• **Directions for this task**
For the records below, say how many lines contain the string "Wooden". Give the number only.

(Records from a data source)
-------------------------

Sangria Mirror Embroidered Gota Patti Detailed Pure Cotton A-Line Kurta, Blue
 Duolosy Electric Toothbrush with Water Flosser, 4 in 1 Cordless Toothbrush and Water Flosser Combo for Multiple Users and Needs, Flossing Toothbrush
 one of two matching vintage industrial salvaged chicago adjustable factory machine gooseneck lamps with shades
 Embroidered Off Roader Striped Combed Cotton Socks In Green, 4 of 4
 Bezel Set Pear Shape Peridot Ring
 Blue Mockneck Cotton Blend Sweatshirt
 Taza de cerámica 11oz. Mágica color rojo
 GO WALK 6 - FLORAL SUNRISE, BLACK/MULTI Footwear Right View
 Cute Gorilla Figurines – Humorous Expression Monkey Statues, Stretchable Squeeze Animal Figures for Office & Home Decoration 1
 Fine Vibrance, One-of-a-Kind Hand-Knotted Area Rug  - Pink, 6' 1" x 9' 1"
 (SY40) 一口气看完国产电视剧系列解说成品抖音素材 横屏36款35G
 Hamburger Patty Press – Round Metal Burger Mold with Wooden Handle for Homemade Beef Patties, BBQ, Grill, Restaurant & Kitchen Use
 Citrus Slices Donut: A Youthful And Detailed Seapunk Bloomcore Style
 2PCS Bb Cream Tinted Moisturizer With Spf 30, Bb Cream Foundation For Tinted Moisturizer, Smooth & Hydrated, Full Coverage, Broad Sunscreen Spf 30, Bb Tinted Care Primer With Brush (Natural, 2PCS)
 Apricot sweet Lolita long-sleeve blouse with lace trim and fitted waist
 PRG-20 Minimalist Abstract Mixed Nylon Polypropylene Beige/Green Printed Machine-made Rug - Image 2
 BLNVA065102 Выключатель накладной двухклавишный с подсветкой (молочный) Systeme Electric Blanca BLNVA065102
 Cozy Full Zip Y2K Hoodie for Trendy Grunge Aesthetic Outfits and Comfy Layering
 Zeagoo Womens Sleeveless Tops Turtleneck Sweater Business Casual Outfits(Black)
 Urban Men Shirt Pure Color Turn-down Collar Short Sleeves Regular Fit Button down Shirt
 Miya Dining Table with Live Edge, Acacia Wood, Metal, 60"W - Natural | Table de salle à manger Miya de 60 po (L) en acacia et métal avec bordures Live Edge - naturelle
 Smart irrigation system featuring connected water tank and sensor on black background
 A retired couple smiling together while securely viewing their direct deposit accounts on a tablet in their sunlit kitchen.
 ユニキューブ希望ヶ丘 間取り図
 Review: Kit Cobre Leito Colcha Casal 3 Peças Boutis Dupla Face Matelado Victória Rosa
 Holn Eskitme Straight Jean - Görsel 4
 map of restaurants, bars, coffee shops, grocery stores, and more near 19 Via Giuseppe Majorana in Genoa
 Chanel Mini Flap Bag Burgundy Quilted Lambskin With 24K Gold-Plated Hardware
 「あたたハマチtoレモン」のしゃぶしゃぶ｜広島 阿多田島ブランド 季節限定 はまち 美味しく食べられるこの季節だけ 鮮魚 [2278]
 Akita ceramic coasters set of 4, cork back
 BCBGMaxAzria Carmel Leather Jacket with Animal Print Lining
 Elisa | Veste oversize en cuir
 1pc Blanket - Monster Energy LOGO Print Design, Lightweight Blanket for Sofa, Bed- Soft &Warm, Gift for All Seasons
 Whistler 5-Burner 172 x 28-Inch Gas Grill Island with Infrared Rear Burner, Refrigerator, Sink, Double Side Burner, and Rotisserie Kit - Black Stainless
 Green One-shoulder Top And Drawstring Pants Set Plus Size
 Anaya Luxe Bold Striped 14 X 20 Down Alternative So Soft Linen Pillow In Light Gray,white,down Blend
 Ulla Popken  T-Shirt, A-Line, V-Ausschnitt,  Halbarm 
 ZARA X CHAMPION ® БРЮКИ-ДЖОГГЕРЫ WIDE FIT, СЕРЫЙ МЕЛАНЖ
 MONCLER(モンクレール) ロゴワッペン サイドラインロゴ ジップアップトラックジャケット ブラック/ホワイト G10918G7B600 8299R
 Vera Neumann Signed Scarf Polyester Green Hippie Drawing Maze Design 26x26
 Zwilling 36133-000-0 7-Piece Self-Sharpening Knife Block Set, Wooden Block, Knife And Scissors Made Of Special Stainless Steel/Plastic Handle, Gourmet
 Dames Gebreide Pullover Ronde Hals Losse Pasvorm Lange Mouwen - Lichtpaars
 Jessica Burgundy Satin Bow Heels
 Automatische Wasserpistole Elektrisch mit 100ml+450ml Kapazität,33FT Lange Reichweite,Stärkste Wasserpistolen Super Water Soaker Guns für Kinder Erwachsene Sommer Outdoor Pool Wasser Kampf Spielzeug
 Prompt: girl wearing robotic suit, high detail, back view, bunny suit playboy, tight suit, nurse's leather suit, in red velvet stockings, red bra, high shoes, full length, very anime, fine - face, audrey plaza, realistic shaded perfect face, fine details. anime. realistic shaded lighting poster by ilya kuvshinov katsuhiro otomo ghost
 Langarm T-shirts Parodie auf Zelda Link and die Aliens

-------------------------

• **Output for this task**
2